Highlights & Insights

  1. Clarity of problem decomposition: The MRAG problem is cleanly decomposed into three dimensions—when, what, and how—each addressed by a targeted solution.
  2. Self-evaluation as a substitute for GPT-4 annotation is a practical and economical approach: directly using the target model to evaluate the effectiveness of different strategies eliminates the need for expensive external annotators.

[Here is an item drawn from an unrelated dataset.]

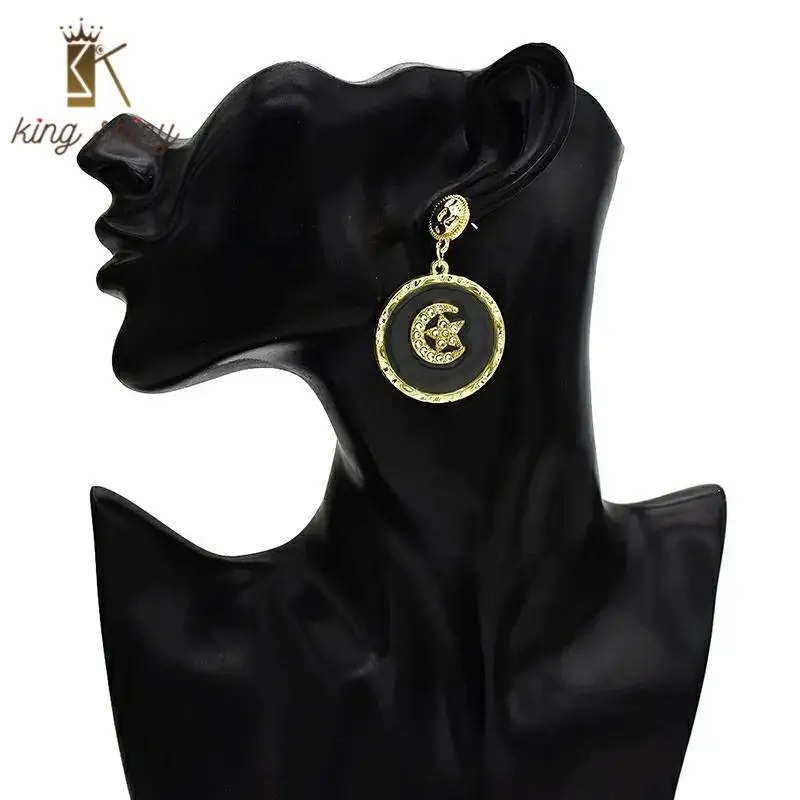 

Vintage Crystal Moon Star Statement Dangle Earrings for Woman Spring Summer Geometrci Big Round Woman Party Charm Dangle Earring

Data construction is 2× faster than SURf.
  3. "Learn from failure" training philosophy: DANCE selects the model's weakest modality for training—analogous to curriculum learning but in the opposite direction (hard-first), and experiments confirm this counterintuitive strategy yields the best results.
  4. Extremely lightweight design of Windsock: Using Flan-T5-Small as the backbone, Windsock achieves significant efficiency and performance gains with only a 1.83% increase in inference overhead.

Limitations & Future Work

  • Currently supports only text and image modalities; other modalities such as tables are not yet supported.
  • DANCE fine-tuning leads to performance degradation on the general MLLM benchmark (MME); the balance between specialization and generalization warrants further exploration.
  • Windsock uses a text-only backbone (Flan-T5) and does not leverage visual information potentially present in the query.
  • The quality of self-evaluation training data depends on the quality of both the base MLLM's responses and the retriever's results.
  • The three-way classification (NA/Visual/Textual) may be too coarse-grained; hybrid retrieval across modalities is not supported.
  • Inspiration from Self-RAG: Self-RAG uses special tokens to decide whether to retrieve; Windsock extends this idea to the multimodal setting and adds a modality selection dimension.
  • Comparison with SURf: SURf enhances the model's ability to select and utilize information through instruction fine-tuning, but relies on image similarity for hard sample mining. DANCE uses downstream metrics for direct evaluation, which is more efficient and better aligned with the task.
  • Implications for MRAG system design: Future MRAG systems should treat "whether to retrieve" and "what to retrieve" as learnable decisions rather than fixed strategies.

Rating

  • Novelty: ⭐⭐⭐⭐ The when+what+how three-dimensional decomposition and self-evaluation data construction approach are novel and practically valuable.
  • Experimental Thoroughness: ⭐⭐⭐⭐ Two datasets (WebQA and MultimodalQA), multiple baselines, and comprehensive ablation analyses.
  • Writing Quality: ⭐⭐⭐⭐ Clear structure, thorough experimental analysis, and rich visualizations.
  • Value: ⭐⭐⭐⭐ Provides direct guidance for real-world deployment of MRAG systems; the self-evaluation pipeline is ready to use out of the box.